One of the conundrums of the book of Esther is that there is no reference to God, prayer, worship, the synagogue, or any other evidence of interaction with the faith that the exiles brought with them from Jerusalem (or lack thereof since they were exiled because of idolatry). In fact there is a Greek addition to Esther which makes up for this obvious lack. It adds a lot of material, most of it having to do with worship and devotion, presumably because later readers were appalled at the lack of reference to God and wanted to “fix” things.
This omission is so obvious and stands out so clearly, that one must ask the question, “what was the author thinking?” which is exactly the question that it would seem, the author wanted us to ask. In other words, the lack of reference to the faith is a literary device that the author used on purpose. I don’t see how anyone could conclude anything else because the omission of reference to God is so glaring.
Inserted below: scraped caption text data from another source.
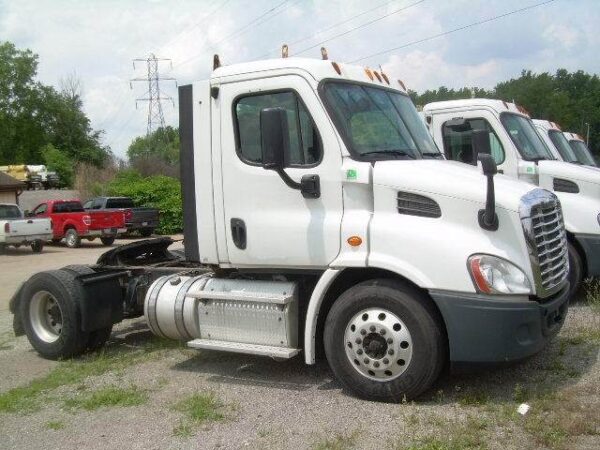 2013 Freightliner S/A Day Cab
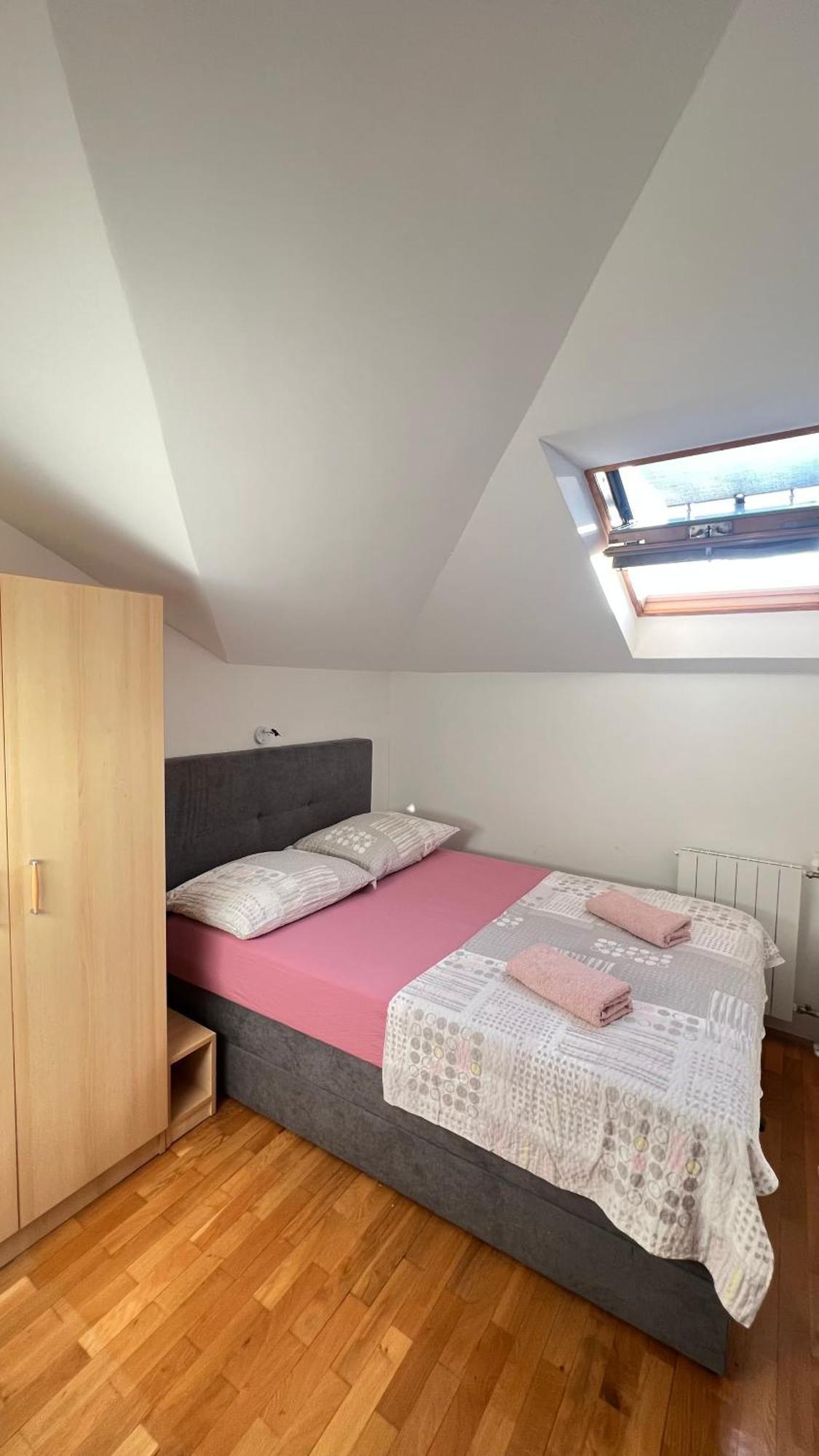 Apartments Neven 오미스 외부 사진
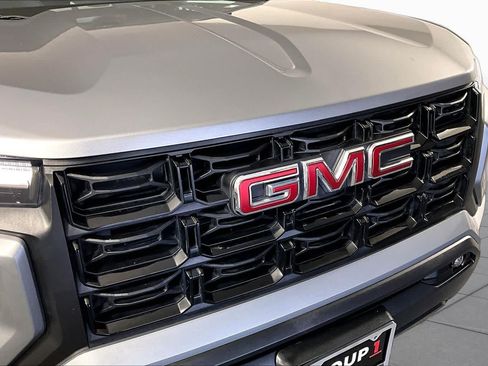 Used 2024 GMC Canyon Elevation w/ Elevation Premium Package RWD image 25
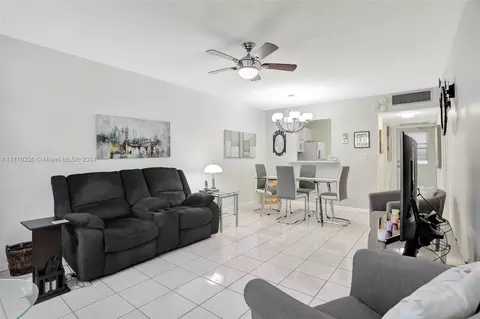 3400 NW 48th Ave #508, Lauderdale Lakes, FL 33319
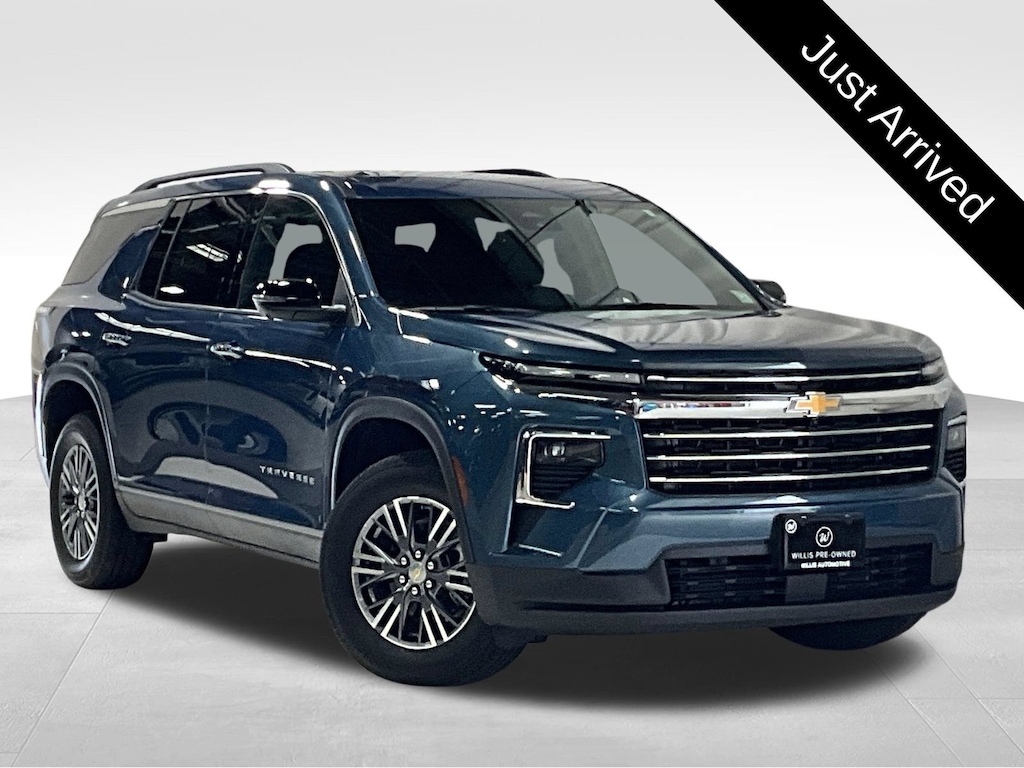 Used 2026 Chevrolet Traverse LT SUV
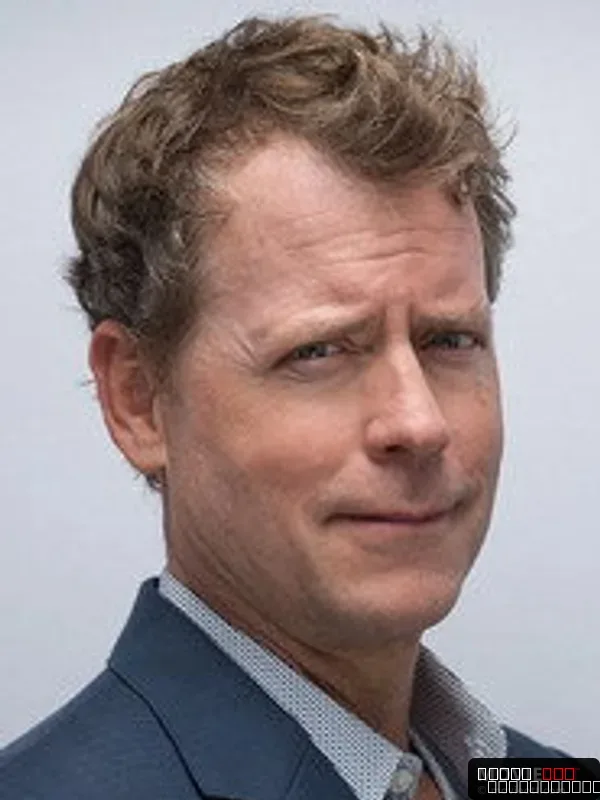 Greg Kinnear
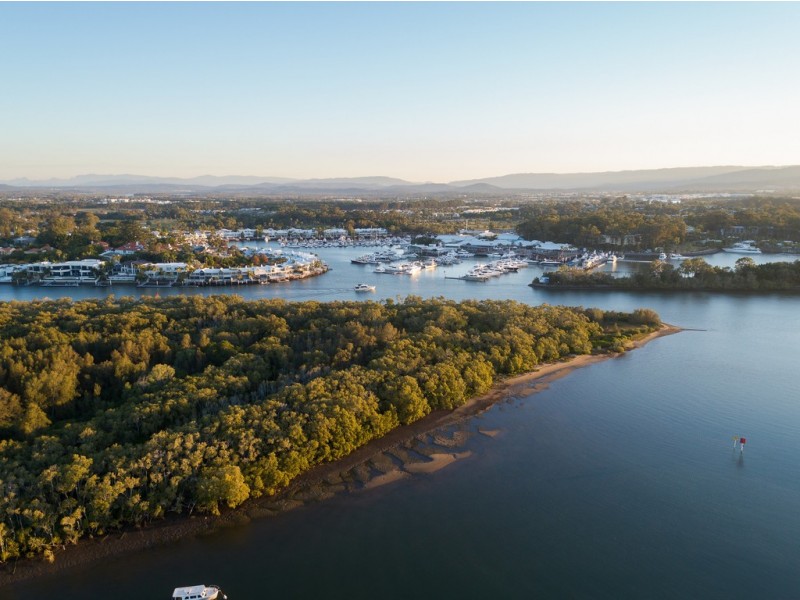 15 Brindabella Close, Coomera Waters QLD 4209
Why then? Karen Jobe, in her excellent commentary on the book of Esther is very helpful here. Her explanation is that the big question for exiles was: “Where are we at in terms of our faith here? We have been exiled because of idolatry, and now what is our relationship to God? Has he abandoned us? Is he still active? Does he love us?” This was the crucial question of the day for the exiles. While the answer seems obvious to us in hindsight, it would not have been so obvious to them at the time. Sure there was God’s promise that the exiles would return, and indeed some had returned 50 years before, but what about those who had remained in Babylon? Were they out of the Lord’s will and so abandoned by God, like the ten lost tribes of Israel?
Karen Jobes points out what we find from Esther: The great paradox of Esther is that God is omnipotently present even where God is most conspicuously absent.
This is what we find in Esther, and I think it is what the author of Esther wanted us to find.